### Your assignment
Print the lines that run from the line with "Tommy Bahama Tommy" to the line with "Toyota Sequoia 2008", keeping both end lines, exactly as they appear in the entries below, and nothing else.

### Stored data
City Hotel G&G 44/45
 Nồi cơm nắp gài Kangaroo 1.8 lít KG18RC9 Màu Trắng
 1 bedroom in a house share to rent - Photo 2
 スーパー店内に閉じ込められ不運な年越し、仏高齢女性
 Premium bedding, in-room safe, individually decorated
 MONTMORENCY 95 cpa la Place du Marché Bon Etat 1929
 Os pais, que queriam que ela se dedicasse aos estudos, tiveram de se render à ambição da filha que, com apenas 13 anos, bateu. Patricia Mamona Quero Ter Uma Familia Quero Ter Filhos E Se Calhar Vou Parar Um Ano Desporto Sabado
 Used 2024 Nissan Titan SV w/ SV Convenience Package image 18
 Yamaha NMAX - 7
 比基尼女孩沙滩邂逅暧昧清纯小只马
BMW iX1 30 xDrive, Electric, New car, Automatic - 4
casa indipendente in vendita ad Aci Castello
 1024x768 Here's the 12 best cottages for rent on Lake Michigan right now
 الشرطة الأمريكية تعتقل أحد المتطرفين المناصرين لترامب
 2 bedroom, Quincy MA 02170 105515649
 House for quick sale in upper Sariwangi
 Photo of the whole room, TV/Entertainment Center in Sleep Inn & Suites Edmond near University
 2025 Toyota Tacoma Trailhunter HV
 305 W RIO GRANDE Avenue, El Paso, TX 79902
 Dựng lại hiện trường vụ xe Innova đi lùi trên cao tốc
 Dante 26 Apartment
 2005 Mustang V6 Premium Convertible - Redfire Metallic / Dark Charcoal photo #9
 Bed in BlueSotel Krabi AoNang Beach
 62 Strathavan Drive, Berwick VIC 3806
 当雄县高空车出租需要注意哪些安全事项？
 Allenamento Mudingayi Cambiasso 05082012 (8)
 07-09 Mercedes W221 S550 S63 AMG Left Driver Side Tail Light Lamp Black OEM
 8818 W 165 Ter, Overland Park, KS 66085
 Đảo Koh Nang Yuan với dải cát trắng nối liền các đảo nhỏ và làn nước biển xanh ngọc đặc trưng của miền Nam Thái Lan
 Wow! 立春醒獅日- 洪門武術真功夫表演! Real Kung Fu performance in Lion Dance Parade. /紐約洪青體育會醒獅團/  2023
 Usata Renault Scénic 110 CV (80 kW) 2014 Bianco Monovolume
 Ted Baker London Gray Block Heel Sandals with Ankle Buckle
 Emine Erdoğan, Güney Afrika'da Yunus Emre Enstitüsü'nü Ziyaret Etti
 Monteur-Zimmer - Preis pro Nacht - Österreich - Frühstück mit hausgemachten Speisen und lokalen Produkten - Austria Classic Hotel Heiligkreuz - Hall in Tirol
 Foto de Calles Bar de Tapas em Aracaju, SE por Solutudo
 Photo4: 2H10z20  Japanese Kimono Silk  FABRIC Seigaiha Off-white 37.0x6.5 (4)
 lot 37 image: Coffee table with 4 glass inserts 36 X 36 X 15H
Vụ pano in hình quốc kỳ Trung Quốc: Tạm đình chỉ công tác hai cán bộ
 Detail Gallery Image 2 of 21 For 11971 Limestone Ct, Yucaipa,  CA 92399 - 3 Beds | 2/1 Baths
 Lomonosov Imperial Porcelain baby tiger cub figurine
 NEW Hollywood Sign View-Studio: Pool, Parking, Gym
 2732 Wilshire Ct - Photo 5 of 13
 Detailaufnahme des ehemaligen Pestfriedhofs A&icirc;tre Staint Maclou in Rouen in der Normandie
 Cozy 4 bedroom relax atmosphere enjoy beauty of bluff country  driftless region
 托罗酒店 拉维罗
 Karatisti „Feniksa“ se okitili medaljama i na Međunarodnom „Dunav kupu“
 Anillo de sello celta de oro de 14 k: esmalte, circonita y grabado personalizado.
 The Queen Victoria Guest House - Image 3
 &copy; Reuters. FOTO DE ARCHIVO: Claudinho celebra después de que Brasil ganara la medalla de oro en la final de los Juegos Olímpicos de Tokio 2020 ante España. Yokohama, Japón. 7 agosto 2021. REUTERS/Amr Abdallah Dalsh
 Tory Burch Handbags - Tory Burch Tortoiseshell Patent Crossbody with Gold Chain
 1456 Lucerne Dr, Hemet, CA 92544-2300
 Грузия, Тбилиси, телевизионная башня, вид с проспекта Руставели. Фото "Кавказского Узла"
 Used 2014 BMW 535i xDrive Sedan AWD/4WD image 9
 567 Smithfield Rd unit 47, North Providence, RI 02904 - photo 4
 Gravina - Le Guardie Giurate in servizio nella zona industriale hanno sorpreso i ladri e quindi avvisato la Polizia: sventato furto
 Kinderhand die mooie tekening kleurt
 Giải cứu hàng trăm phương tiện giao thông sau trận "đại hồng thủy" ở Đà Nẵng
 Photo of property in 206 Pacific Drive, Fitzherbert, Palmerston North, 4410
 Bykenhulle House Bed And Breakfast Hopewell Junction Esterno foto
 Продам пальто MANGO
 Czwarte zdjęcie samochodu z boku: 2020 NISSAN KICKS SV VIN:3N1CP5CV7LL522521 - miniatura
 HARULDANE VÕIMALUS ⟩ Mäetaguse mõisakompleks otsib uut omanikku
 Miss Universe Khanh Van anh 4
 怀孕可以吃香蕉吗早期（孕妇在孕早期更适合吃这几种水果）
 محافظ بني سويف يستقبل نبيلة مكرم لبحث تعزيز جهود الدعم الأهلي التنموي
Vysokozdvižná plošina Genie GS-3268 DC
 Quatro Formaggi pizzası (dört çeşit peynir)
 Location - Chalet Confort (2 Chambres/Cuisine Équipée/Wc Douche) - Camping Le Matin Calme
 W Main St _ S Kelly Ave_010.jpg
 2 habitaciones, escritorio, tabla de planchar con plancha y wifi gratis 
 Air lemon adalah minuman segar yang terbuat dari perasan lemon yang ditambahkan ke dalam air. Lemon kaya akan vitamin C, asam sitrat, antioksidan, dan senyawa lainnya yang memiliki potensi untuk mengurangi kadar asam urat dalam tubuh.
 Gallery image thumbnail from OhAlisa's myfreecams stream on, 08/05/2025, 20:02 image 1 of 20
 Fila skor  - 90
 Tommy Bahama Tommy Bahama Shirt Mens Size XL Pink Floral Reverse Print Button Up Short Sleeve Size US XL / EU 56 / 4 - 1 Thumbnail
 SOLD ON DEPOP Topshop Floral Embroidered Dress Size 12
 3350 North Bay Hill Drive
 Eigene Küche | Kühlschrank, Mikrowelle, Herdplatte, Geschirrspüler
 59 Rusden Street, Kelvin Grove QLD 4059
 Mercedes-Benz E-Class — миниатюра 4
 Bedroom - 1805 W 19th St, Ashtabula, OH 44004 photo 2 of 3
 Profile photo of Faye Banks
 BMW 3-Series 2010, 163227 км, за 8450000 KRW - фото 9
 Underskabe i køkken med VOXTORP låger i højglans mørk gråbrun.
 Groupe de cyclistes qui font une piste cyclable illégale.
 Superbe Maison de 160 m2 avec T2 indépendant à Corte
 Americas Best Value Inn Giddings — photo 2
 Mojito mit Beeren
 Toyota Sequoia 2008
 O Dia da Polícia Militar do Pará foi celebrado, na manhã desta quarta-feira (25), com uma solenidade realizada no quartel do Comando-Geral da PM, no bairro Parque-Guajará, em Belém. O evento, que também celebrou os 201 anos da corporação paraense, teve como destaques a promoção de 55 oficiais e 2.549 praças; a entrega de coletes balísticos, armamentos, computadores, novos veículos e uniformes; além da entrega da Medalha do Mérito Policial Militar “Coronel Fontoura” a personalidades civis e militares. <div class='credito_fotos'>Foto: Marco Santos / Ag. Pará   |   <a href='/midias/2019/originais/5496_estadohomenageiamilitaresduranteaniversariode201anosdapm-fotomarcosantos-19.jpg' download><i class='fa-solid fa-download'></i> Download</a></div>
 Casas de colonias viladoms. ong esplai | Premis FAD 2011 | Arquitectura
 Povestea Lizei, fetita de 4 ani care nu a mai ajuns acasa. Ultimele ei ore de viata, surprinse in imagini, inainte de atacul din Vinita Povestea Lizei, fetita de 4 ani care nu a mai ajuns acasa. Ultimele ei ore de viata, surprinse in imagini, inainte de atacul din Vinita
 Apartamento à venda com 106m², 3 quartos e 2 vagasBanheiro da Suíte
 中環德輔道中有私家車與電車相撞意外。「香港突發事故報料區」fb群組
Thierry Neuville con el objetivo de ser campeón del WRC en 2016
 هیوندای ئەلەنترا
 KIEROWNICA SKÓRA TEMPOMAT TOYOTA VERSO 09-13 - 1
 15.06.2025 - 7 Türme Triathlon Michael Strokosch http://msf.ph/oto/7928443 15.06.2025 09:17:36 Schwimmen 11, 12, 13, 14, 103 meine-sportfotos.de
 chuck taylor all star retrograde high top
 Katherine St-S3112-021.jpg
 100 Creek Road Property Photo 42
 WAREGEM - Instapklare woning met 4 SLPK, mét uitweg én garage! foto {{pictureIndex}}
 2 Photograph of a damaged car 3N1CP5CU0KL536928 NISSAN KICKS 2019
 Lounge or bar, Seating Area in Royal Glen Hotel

### Solution to this exercise
 Tommy Bahama Tommy Bahama Shirt Mens Size XL Pink Floral Reverse Print Button Up Short Sleeve Size US XL / EU 56 / 4 - 1 Thumbnail
 SOLD ON DEPOP Topshop Floral Embroidered Dress Size 12
 3350 North Bay Hill Drive
 Eigene Küche | Kühlschrank, Mikrowelle, Herdplatte, Geschirrspüler
 59 Rusden Street, Kelvin Grove QLD 4059
 Mercedes-Benz E-Class — миниатюра 4
 Bedroom - 1805 W 19th St, Ashtabula, OH 44004 photo 2 of 3
 Profile photo of Faye Banks
 BMW 3-Series 2010, 163227 км, за 8450000 KRW - фото 9
 Underskabe i køkken med VOXTORP låger i højglans mørk gråbrun.
 Groupe de cyclistes qui font une piste cyclable illégale.
 Superbe Maison de 160 m2 avec T2 indépendant à Corte
 Americas Best Value Inn Giddings — photo 2
 Mojito mit Beeren
 Toyota Sequoia 2008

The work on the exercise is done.